Production-grade reasoning that doesn't stall — --fallback-model
Run Opus at max effort, but auto-failover to Sonnet when Opus is overloaded. The flag that keeps cron jobs alive.
Setup
- → claude /login OR export ANTHROPIC_API_KEY=sk-…
Cost per run
$0.01-0.10
The one-liner
$ curl -s "https://hacker-news.firebaseio.com/v0/topstories.json" \
| jq -r '.[0:30][]' \
| xargs -P 10 -I {} curl -s "https://hacker-news.firebaseio.com/v0/item/{}.json" \
| jq -s -r 'sort_by(-.score) | .[0:10] | .[] | "- [\(.score)] \(.title) — \(.url // "discussion")"' \
| claude -p \
--model opus \
--effort high \
--fallback-model sonnet \
"Today's top HN stories. Identify the one quietly important but under-discussed. 5 sentences for an outsider."What each stage does
- [01] curl
curl … topstories.json …Same HN front-page fetch as recipe #1. - [02] claude
claude -pHeadless print mode. Required for --max-budget-usd, --fallback-model, --no-session-persistence. - [03] claude
--model opusPick the strongest model — opus, sonnet, haiku alias, or full ID like `claude-sonnet-4-6`. - [04] claude
--effort highReasoning effort: low / medium / high / xhigh / max.
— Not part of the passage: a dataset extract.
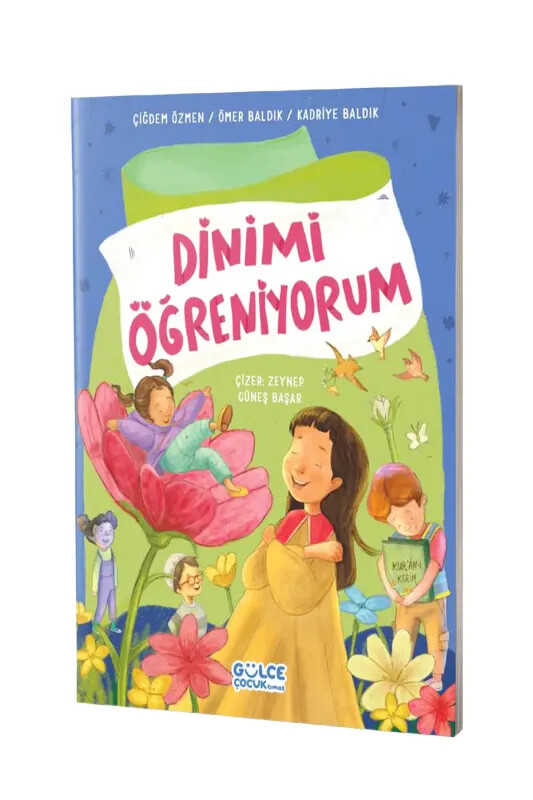 Dinimi Öğreniyorum - Gülce Çocuk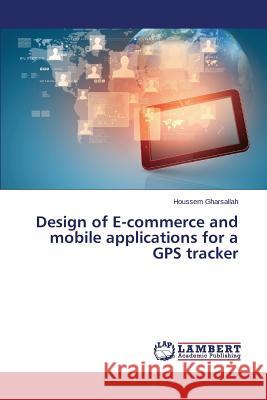 Design of E-commerce and mobile applications for a GPS tracker Gharsallah Houssem 9783659680335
High = real extended thinking. Latency rises with effort. - [05] claude
--fallback-model sonnetWhen opus returns 529 (overloaded), claude automatically retries with sonnet. Production-grade: the pipe never stalls. Only works with -p.
Expected output (sample)
The under-discussed story is "The hidden cost of LLM batching" (score 388). While the M5 Pro benchmarks and the Rust vector DB get the upvotes, this one answers a question every team running production LLMs hits within their first month: how aggressive batching changes the latency-vs-cost tradeoff in a way that breaks SLA monitoring...
Caveats & tips
- --fallback-model only fires on overload (5xx), not on errors like rate limits.
- Test it by setting `--model haiku --fallback-model nonsense-model` — you should still get a haiku response, since haiku never overloads.